Sunday, March 09, 2008

“…And two years later, I’ve stopped crying. Not because I don’t want to cry anymore, well, not just because I don’t want to cry anymore, but because my tear ducts physically can’t take it anymore. See these dark circles?” she pointed to the shadowy patches under her eyes, “these are the result of rubbing tears from my eyes too hard. My doctor said if I kept going the way I was I might actually go blind from popping too many vessels around my eyes.”
She said it all so casually over her pad thai, as she balanced her chopsticks between her index and ring fingers. She watched her hands carefully as they fidgeted, eventually giving up and resorting to the fork rested on her plate (just in case).
For some reason I wasn’t uncomfortable the way I usually am when someone is so honest about her pain, especially someone I’m supposed to look at as a sort of caretaker. Her candor was somehow humbling, somehow made her more human to me, somehow made me more human to myself

Her raw sores were beginning to callous, slowly. The things she was telling me about so coolly, I’m sure were the things that brought such poisonous tears to her eyes just a few months ago.
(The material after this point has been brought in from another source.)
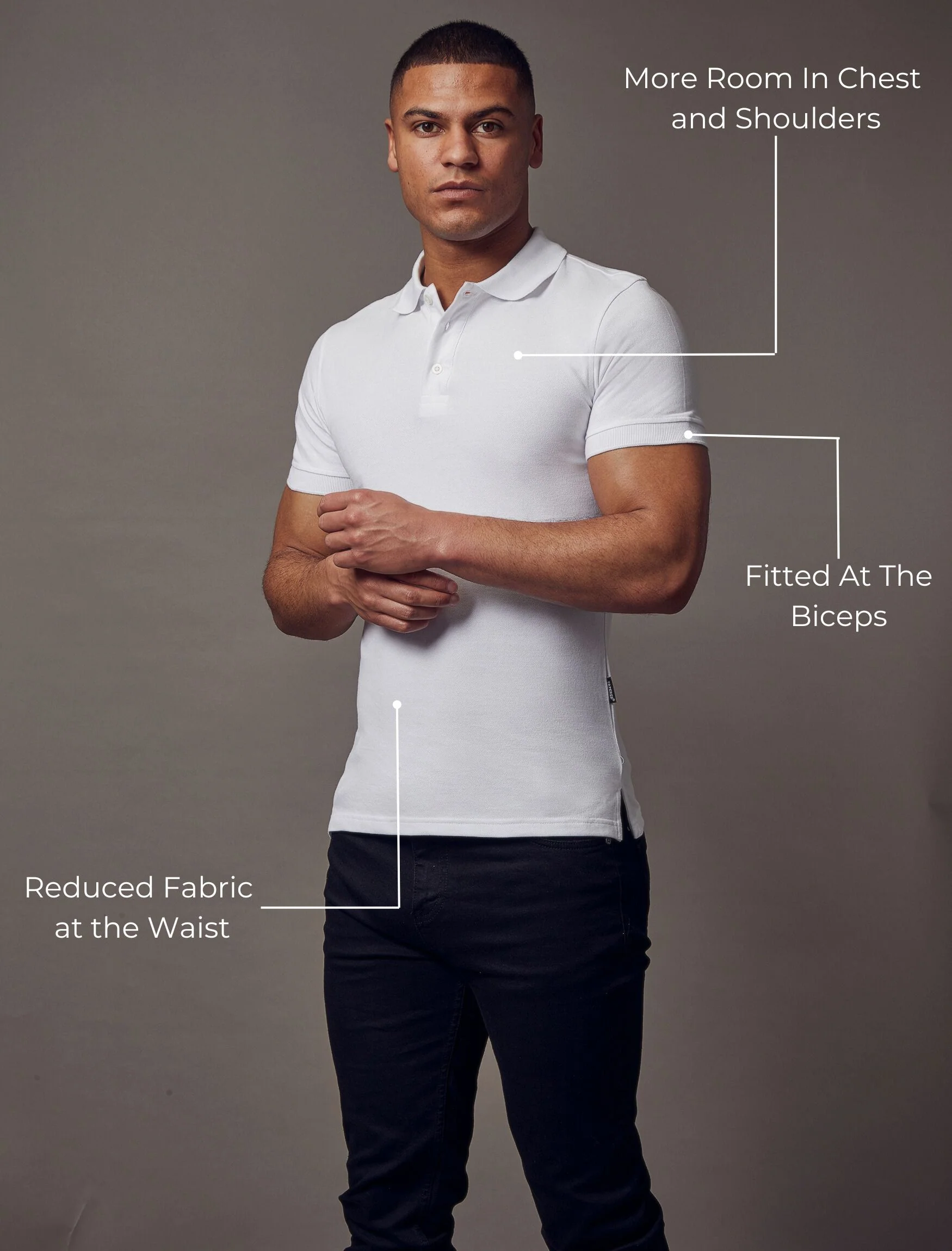 Short Sleeve White Tapered Fit Polo Shirt - Image 4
How brave she must be, I thought, to still be sitting in front of me, after losing a life she had loved so much. Not just a man, or a house, or a weekend routine, but an entire life…
To lose the life you had, and halfway through, have to start over, and rebuild from empty scraps—an old couch, dusty carpets, unused china. The thought was almost unbearable. It still is.
It only bends


She said, The mourning never ends,
it never stops hurting
but over time,
you change.
And because of that, the way you mourn changes.
The sadness doesn’t end,
it only bends.

But I just couldn’t get over the thought
of knowing a face so intimately,
so unbearably close,
Remembering what it was like to hold it in your lap,
rested between your palms,
and to know every hair on it.

And even more,
To know that you’d never see that face again,
Never feel that head in your lap,
It was almost unthinkable.

Old memories would be changed
Somehow,
because every sensation would be veiled
by a pang of loss,
like it was now.

I saw her eyes glaze over a little bit,
And I knew in that moment,
She could see her
Feel her near
and I knew that her lap was weighed down a little,
her palms rested at two cheeks.

In that moment, I felt her
Bruised spirit molding
around an instant of utter happiness,
Bending.
Behind those sad
doe eyes
was this enormous
Looming Love
of what had been.

Her love was so vocal, so real,
so alive.
And maybe by feeling it so vividly,
so desperately,
she was proving that she hadn’t lost
anything at all.
“Just go,” she said, so resolutely. “Don’t think about it, because when you think too hard you stop doing. Do while you can, and then think about it later.” Two hours into our coffee, we were jumping from place to place in her life, from her time in Tibet to South Africa to India to New Zealand to Portland back to New York City. She spoke effortlessly about each adventure, not hesitating between locations, hardly taking a breath. I was overwhelmed. I couldn’t wrap my head around each place, I couldn’t fathom breathing in such different air, hearing such different languages, being so far away from everything, alone. Only not.
Having the courage to leave is something I’ve been holding onto so tightly, something I held so close to me, to think that now I’m struggling with it all over again is both frustrating and exciting. It’s a familiar anxiety, but one that reminds me that I’m growing. This is when the stretching happens.
I am astonished with how easy it seems. Maybe it is that easy, when you stop thinking so much.
She sounded so sure that I could do it, that it was right. After so much skepticism and disbelief I thought I was asking too much of myself, too much of the world. But she made it so real. I feel like she’s someone I’m supposed to know. Dad says that’s because she is.
There was a moment when we were talking, maybe it lasted longer than a moment, I don’t know, where I realized that this was a turning point. This moment, this meeting, this person collected, was a catalyst. She was placed in front of me, with her “to go” cup rested next to my “for here” mug, to remind me of the beauty in uprooting myself, of letting go of what you know and holding on for dear life to what you don’t. Some moment of clarity reminded me that there never was a choice…what a familiar, overwhelming feeling.
It was like someone just woke me up, like someone just told me the truth. It reminded me of what it was like for my life to change—for it to mold and bend in and around an instant, without excuse or warning. I am so excited about my life.